_Dataset excerpt_.

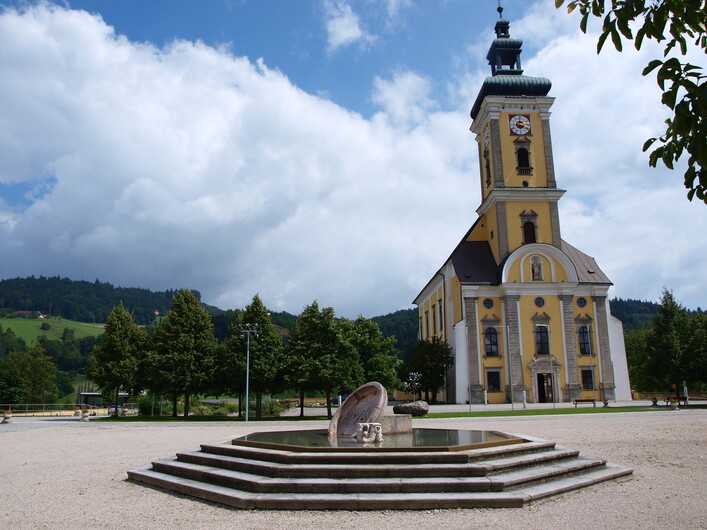 Stiftskirche Waldhausen im Strudengau in Waldhausen im Strudengau: Ein Kirchenbau mit einem hohen Turm, in gelblicher Fassade gehalten, umgeben von Bäumen und einem Brunnen auf einem Platz davor. Das Gebäude weist eine traditionelle Architektur auf und wirkt einladend.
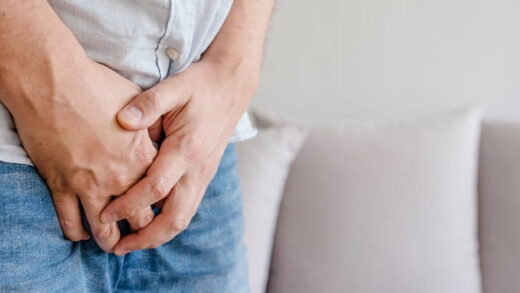 Mężczyzna trzymający się za krocze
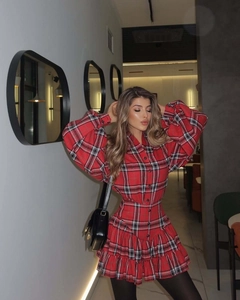 Detailed close-up of red plaid dress with ruffled hem and elegant textured check pattern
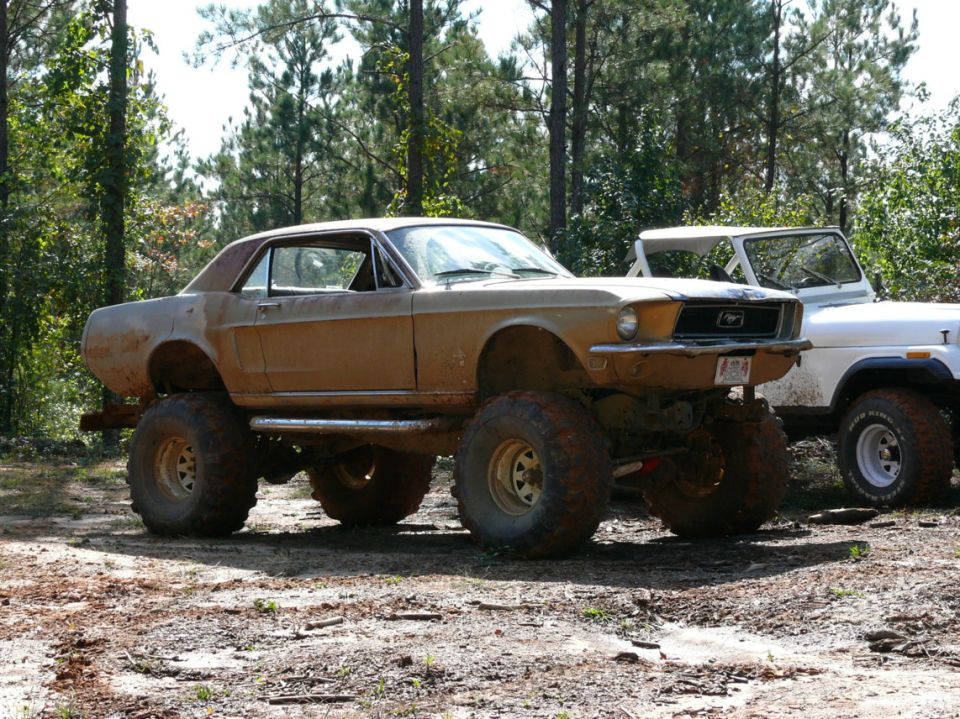 Mud-covered 1967 Ford Mustang coupe lifted on large off-road tires, parked next to a white Jeep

_What the exercise asks_.
Images stay out, but the rest of the data above must be repeated exactly.

_Result of the exercise_.
 Stiftskirche Waldhausen im Strudengau in Waldhausen im Strudengau: Ein Kirchenbau mit einem hohen Turm, in gelblicher Fassade gehalten, umgeben von Bäumen und einem Brunnen auf einem Platz davor. Das Gebäude weist eine traditionelle Architektur auf und wirkt einladend.
 Mężczyzna trzymający się za krocze
 Detailed close-up of red plaid dress with ruffled hem and elegant textured check pattern
 Mud-covered 1967 Ford Mustang coupe lifted on large off-road tires, parked next to a white Jeep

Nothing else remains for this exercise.